Collaboration with Svetlana Kondakova      

Sculpture commissioned by Edinburgh Napier University to form part of their new Fountainbridge halls of residence development, 2013.

The idea stems from research into the earliest origins of the Fountainbridge area, predating the industrial boom of the 19th century to a time when the area was still on the outskirts of Edinburgh. Between the twelfth and fifteenth century the areas of Tollcross and Fountainbridge were located outside of the City of Edinburgh and were Royal Orchards, where a variety of fruits and vegetables, including apples, cherries and pears, were grown. This tradition carried on in Fountainbridge well into the 18th Century, during which time the area was a large Nursery Garden.

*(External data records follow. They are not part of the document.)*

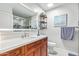 Bright bathroom with wood-look vanity and white countertop, a mirror, and glass door shower at 4857 N Granite Reef Rd, Scottsdale, AZ 85251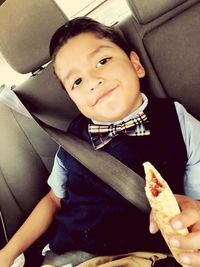 Portrait of boy sitting in car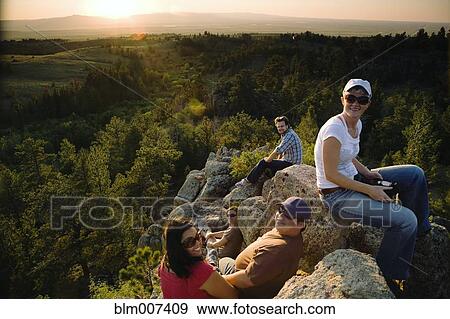 Friends resting on rocks in remote area View Large Photo Image Stock Photo - Friends resting on rocks in remote area. Fotosearch
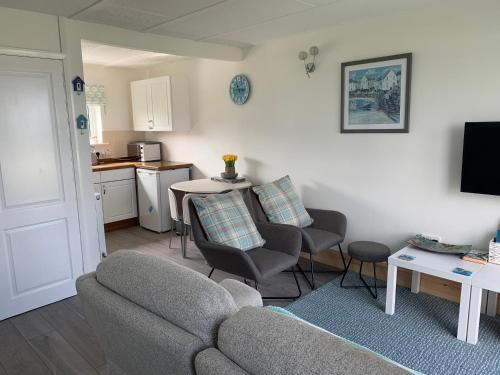 布德Chalet 26 Widemouth Bay的带沙发和椅子的客厅以及厨房。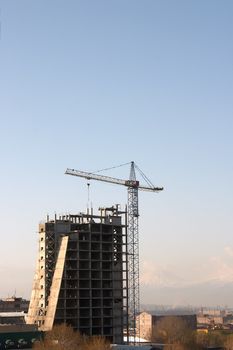Large crane build new house over blue sky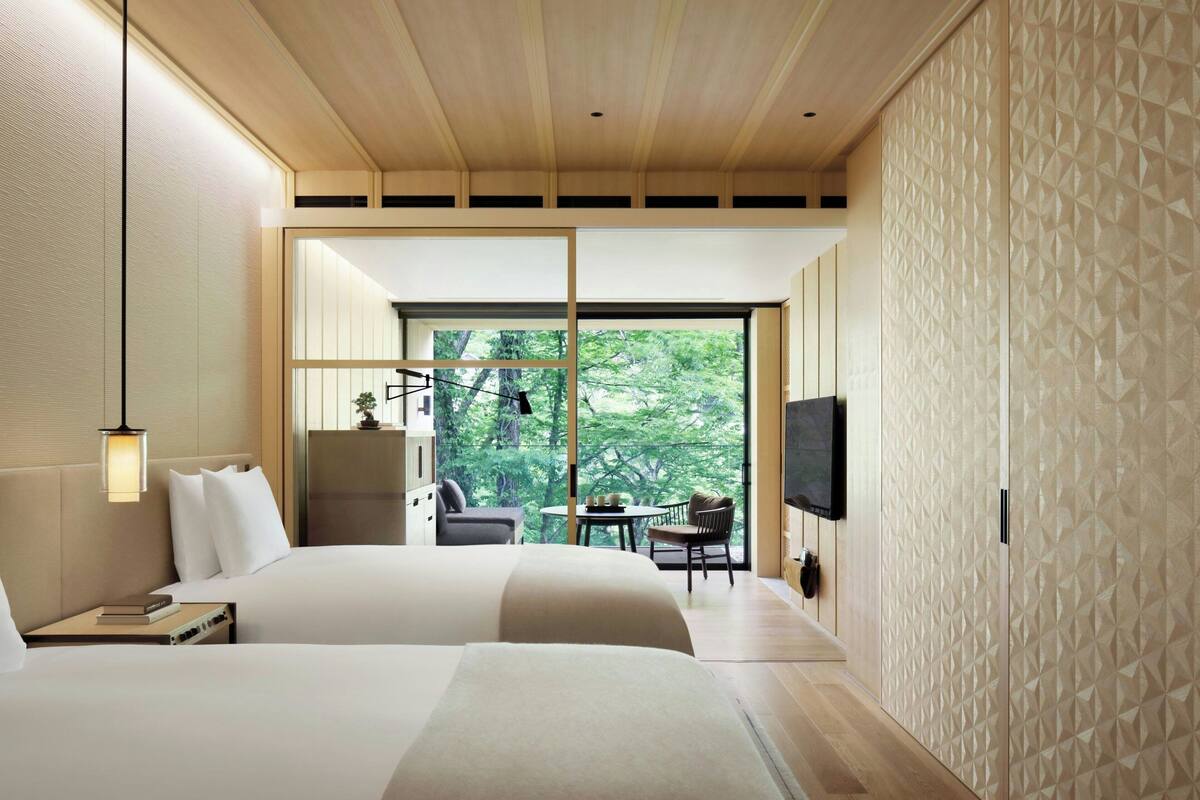 Una habitación de hotel moderna con una cama grande, un escritorio, una silla y un televisor.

Tree of Knowledge's shape is based on the Great Yew at Broich, a Scottish heritage tree near Kippen, Stirlingshire. It was planted in the twelfth century and has been used as a landmark for centuries. By taking the shape of the yew, the sculpture uses the idea of a tree as a local meeting place, as well as commemorating the origins of the area and the first industries to take place on the land. In order to emphasise the role of the sculpture as a meeting place, the front branch has been lowered, widened and supported, thereby turning it into a bench and a place for reflection.

The sculpture was created by welding together locally sourced metal pipes in a variety of shapes and sizes, each piece shaped individually in order to achieve the organic appearance of a real tree. Holes have been drilled in the pipes and some have been left open in order utilise the Scottish weather and catch the wind, resulting in a sculpture with its own atmospheric soundscape.

Below the tree lies a single apple, bringing to mind the tale of Newton, who was hit by an apple whilst sitting under a tree, causing him to invent the theory of gravity, as well as referencing the origins of the area as orchards. The apple has been cast from bronze and copper and left to weather green, slowly blending in with its environment and matching the green of the new accommodation buildings as well as the copper green of several of Edinburgh's important buildings such as The Usher Hall.

The sculpture was constructed at Edinburgh Sculpture Workshop and measures 3m x 5.6m x 5.8. The creative team provided opportunities for emerging artists and students to work on the sculpture construction and to gain invaluable experience of working in a professional art environment.